The 2$ per pound is written on the carriers BOL, never the shippers documents.

A carrier should always use his own BOL even when the shippers gives him paperwork and make sure the shippers put his signature on his BOL.
 

MikeJr

Moderator
Staff member
#17
I understood that the $2/lb is a give in (if no BOL).

Lets put it this way:

You (your driver) can sign at the time of pickup agreeing to a declared value, or to $2/lb as is common on most BOLs. If there is no term regarding value nor liability that the 'maximum' liability would be then by default that contained in the statute ($2/lb). I'm going by memory but this thread comes up once or twice a year...

KCCO,

Mike
 

pitbull99

Site Supporter
#18
We work for a lot of brokers and what we are finding out is that they will not pay us if we use our BOL. They tell us that we have to deliver on the shippers BOL. We find now we are unsure what to do to cover the $2 lb issue.
 

lowmiler88

Site Supporter
#19
If the shipper is a stand up company and did not have a declared value then it is $2 a lb.
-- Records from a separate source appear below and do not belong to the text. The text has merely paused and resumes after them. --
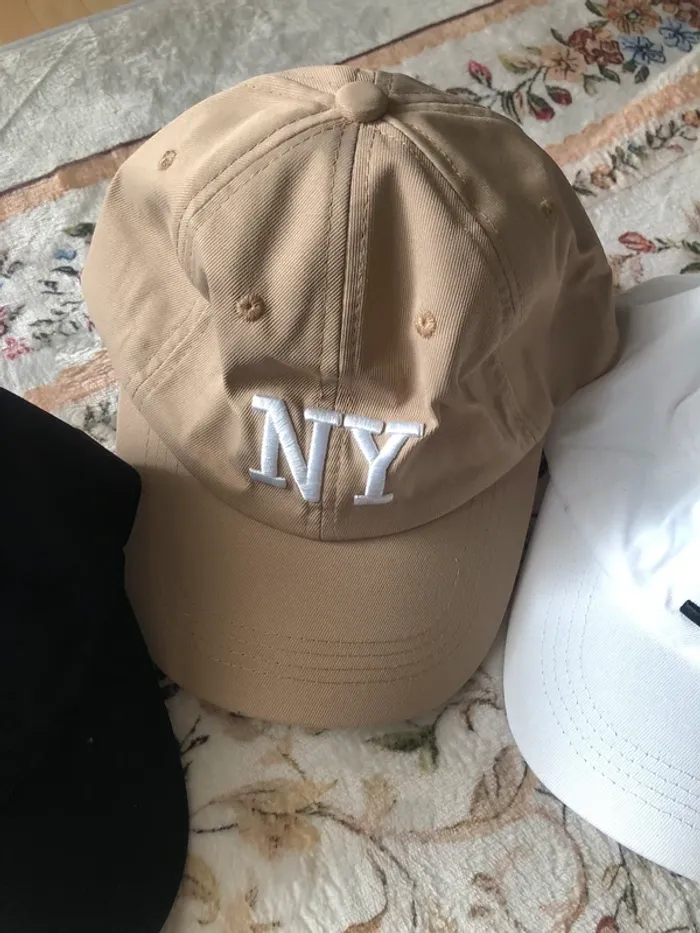 Lot de 3 casquettes neuve mixte NY - photo numéro 3
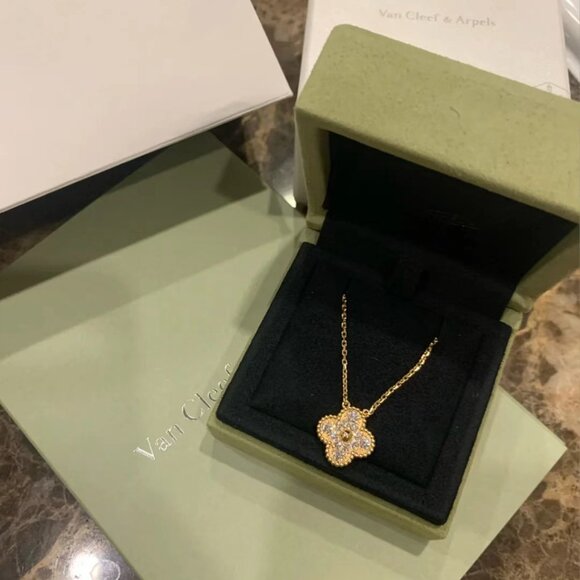 💎🌈Authentic💎🌈Van Cleef & Arpels Necklace💎🌈 - Picture 4 of 8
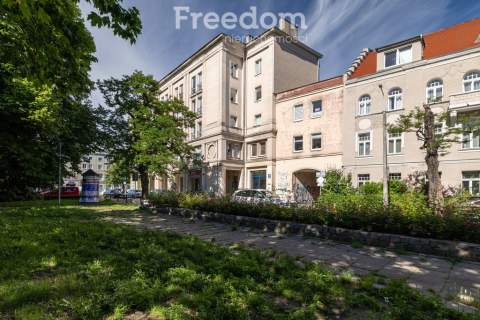Słoneczne widok na zieleń dobra lokalizacja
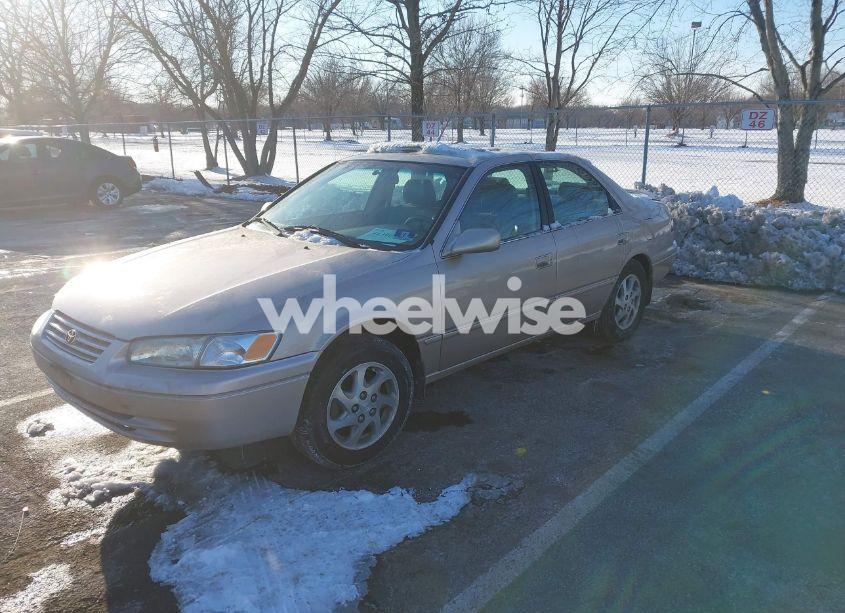 Photo 2 of 1998 Toyota Camry XLE V6 (VIN 4T1BF28K2WU063252)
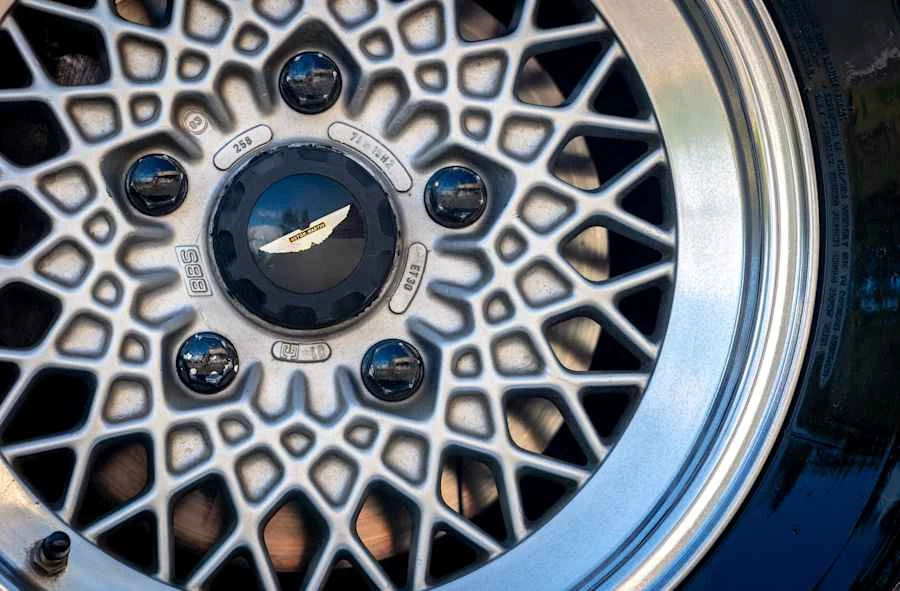 1981 Aston Martin DBS V8 & V8 & V8 Vantage - Image 20 of 31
We ship product that is worth more than $2 a lb but if we put the declared value on every BOL we would pay more than any damage we ever incur. It is our decision and we do have insurance to cover the overage if it is a big loss (thank god it has not happened) so I would not be bullied into paying more....actually let your insurance company handle it that is what they are there for, unless you have had a lot of claims this should not affect your insurance rates and it takes you out of the conversation.
 

whatiship

Well-Known Member
#20
We work for a lot of brokers and what we are finding out is that they will not pay us if we use our BOL. They tell us that we have to deliver on the shippers BOL. We find now we are unsure what to do to cover the $2 lb issue.
If thats the case you need to tell the broker to tell their customer to show $2.00 per pound maximum liability on their bill of lading. This is also for their protection. Or show valuation, and you should charge additional insurance to cover. You can't be expected to be liable for a million dollar load if you are not adequatly covered. Its not worth the risk.